What 調書をとる/予約する...?
By Celia Walden

...are you reading now?
I tend to have two or three 調書をとる/予約するs on the go. At the moment, I'm reading Kate Summerscale's The 疑惑s Of Mr Whicher ― I've always loved Edgar Allan Poe and Wilkie Collins's The Woman In White, so I bought Summerscale's 調書をとる/予約する as soon as I read about it.
So far, it's wonderfully grues
ome but recounted in this 冷淡な, methodical and deliberately plodding style, which I like. The Cluedo-like 地図/計画する of the house on the inside flap is a 広大な/多数の/重要な touch.

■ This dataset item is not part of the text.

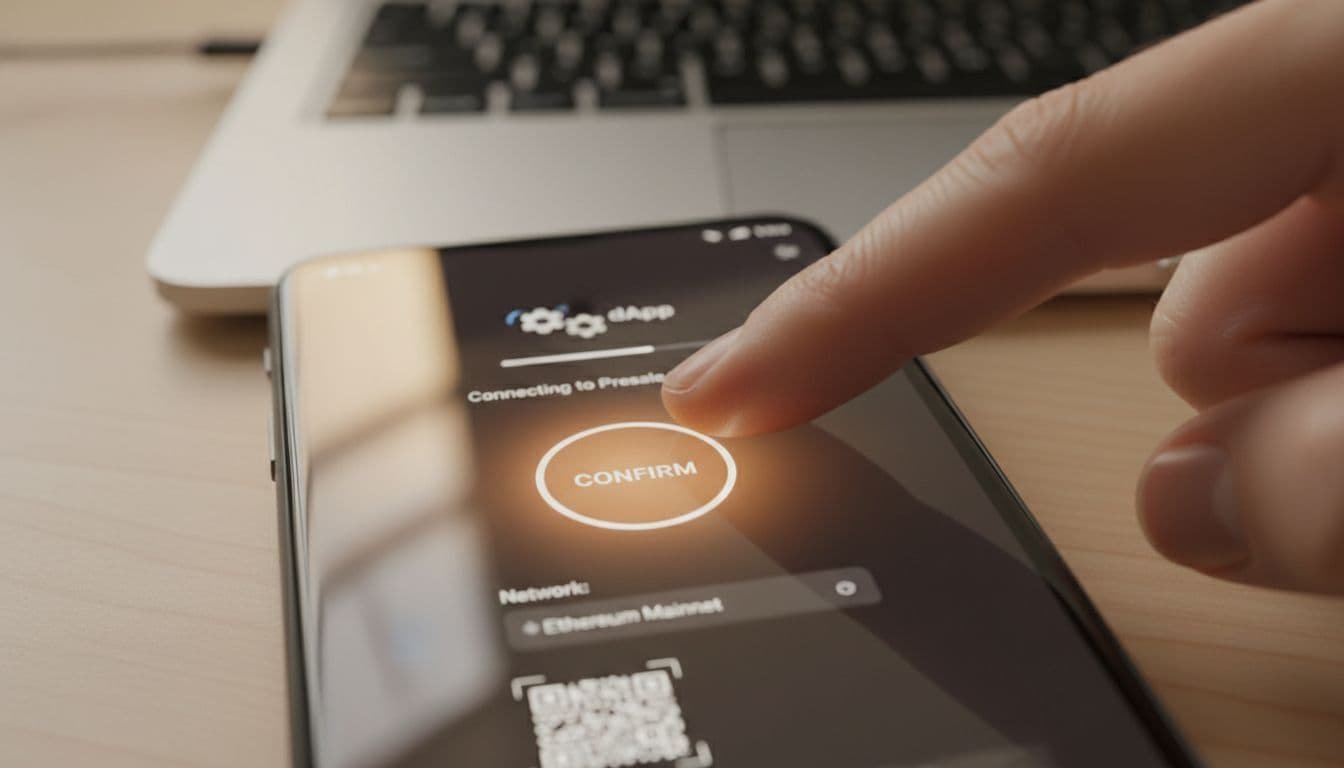 A photorealistic macro close-up of a smartphone screen showing a crypto wallet app ready to connect to a presale dApp, with a finger hovering over the Confirm button.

The 調書をとる/予約する I 現在/一般に have in my handbag ― it's a perfect size ― is On Bulls**t by a Princeton University professor who goes by the splendid 指名する of Harry G. Frankfurt.

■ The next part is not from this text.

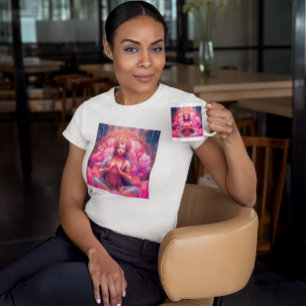 Goddess Lakshmi Pink Lotus on White T-Shirt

It opens your 注目する,もくろむs to the modern world, 特に the world of 政治家,政治屋s. People don't 嘘(をつく) any more, he 令状s, because that would mean knowing or caring about the truth. Instead, they bulls**t, with the result that no one knows where they stand.

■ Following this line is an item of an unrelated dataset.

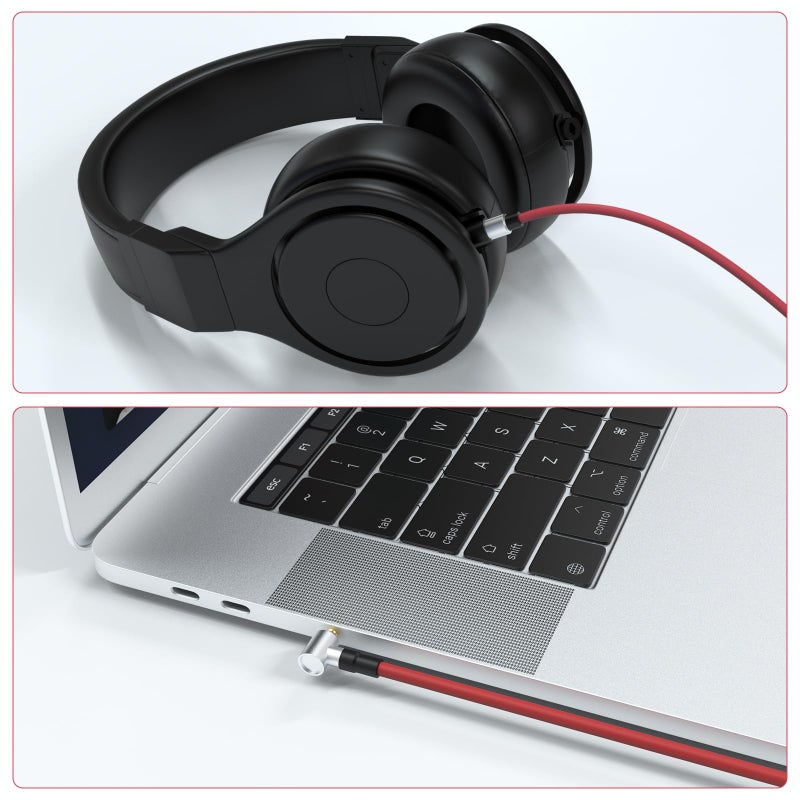 Learsoon Replacement Audio Aux Auxiliary Extension Cable Compatible with Beats by Dr Dre Solo Studio Pro Detox Edition Headphones (Red) - Image 4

... would you take to a 砂漠 island?
I should say Don Quixote by Cervantes, because I've never read it and it would last a while.
But I'd be more inclined to bring John Updike's 完全にする 作品. The Rabbit series is my favourite, but in his essays, too, he has this ability to reinvent the life you see around you every day, making even the mundane seem touching or amusing.
... first gave you the reading bug?
Charlotte Bronte's Jane Eyre. It was the first 調書をとる/予約する that really 始める,決める my imagination alight - and also the first to make me cry.
Even now, Helen's death scene could 減ずる me to 涙/ほころびs. My brothers hated it. Maybe it just 攻撃する,衝突するs that 神経 with women.
... left you 冷淡な?
Rebecca Miller's The 私的な Lives Of Pippa 物陰/風下. It's so much harder to criticise once you've written a 調書をとる/予約する, but although I read this in one sitting I became ますます exasperated. Miller has the same eerily flat トン as her father, Arthur, and though the central characters are powerful, the storyline seemed too contrived to draw me in.
CELIA WALDEN'S debut novel, In 害(を与える)'s Way, is published by Bloomsbury, 定価つきの £14.99.